When the American people got their first look at the entries in the 1988 presidential race, they sensed immediately that not one of the contenders measured up to their highest expectations. The Republican heir apparent was dismissed as a “wimp,” and the original Democratic field as the “seven dwarfs.” Asked whom in either party they preferred, a huge proportion of respondents replied, “None of the above.” And if inquirers had gone on to ask what sort of nominee voters had in mind, not a few would have answered without hesitation, “Franklin Delano Roosevelt.”

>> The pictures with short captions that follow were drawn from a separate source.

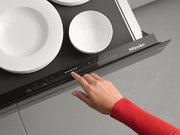 Встраиваемый подогреватель Miele ESW 7020 OBSW с витрины, новый фото 4
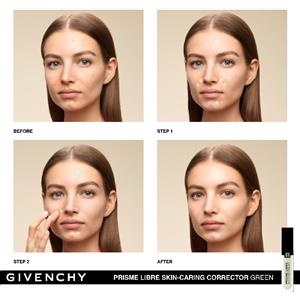 Givenchy Prisme Libre Skin-Caring Corrector - VERDE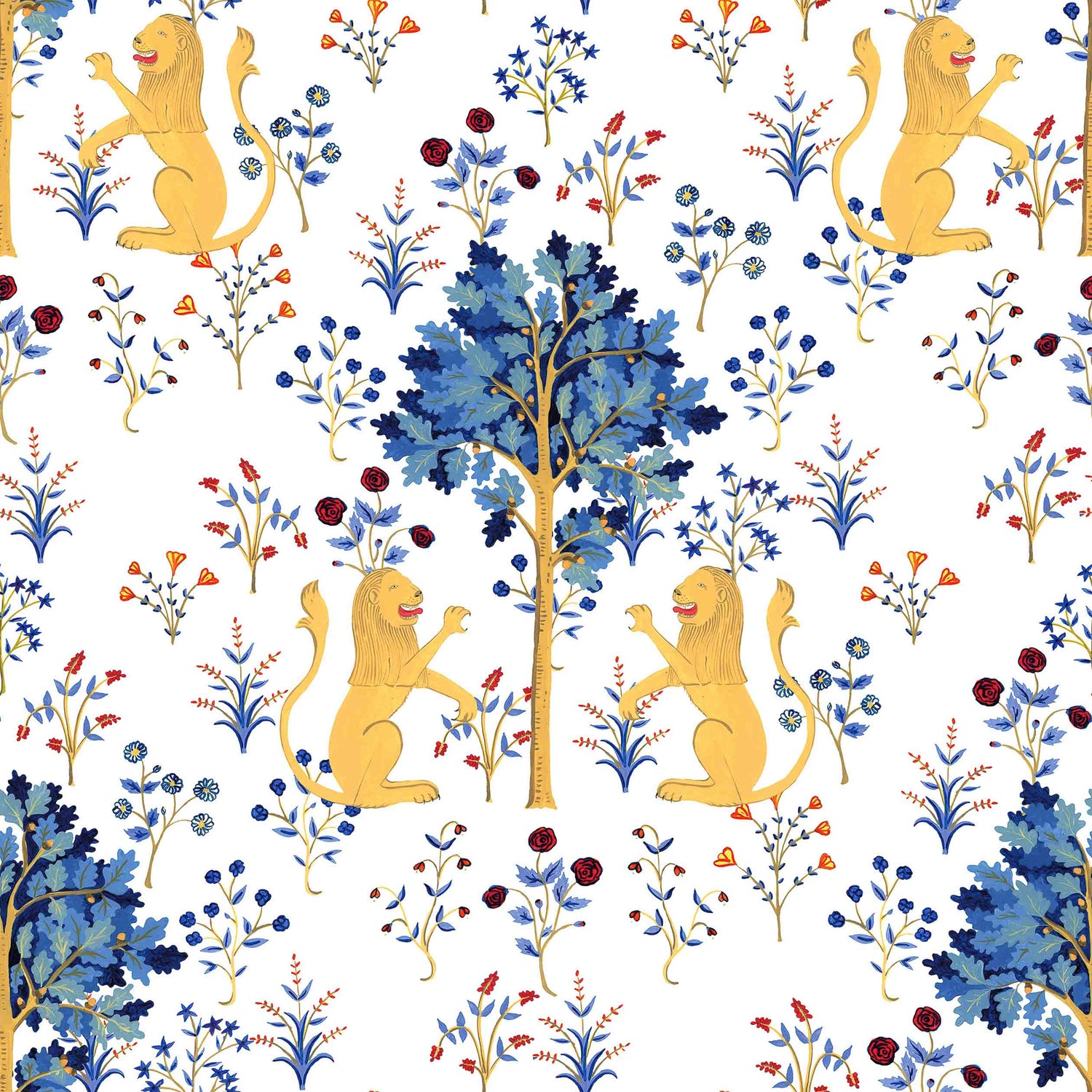 Papel Bestiario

That sentiment cut across party lines. Predictably more than one Democrat sought to associate himself with his party’s four-time winner. At the 1984 Democratic National Convention in San Francisco, Jesse Jackson had drawn a roar of approval when he said that FDR in a wheelchair was better than Ronald Reagan on a horse, and in the 1988 contest Sen. Paul Simon of Illinois offered any number of New Deal solutions to contemporary problems. More surprisingly, Franklin Roosevelt has attracted no little favorable comment from Republicans, most conspicuously President Reagan. In his 1980 acceptance address Reagan spoke so warmly of FDR that the New York Times editorial the next morning was entitled “Franklin Delano Reagan,” and thereafter he rarely missed an opportunity to laud the idol of his opponents.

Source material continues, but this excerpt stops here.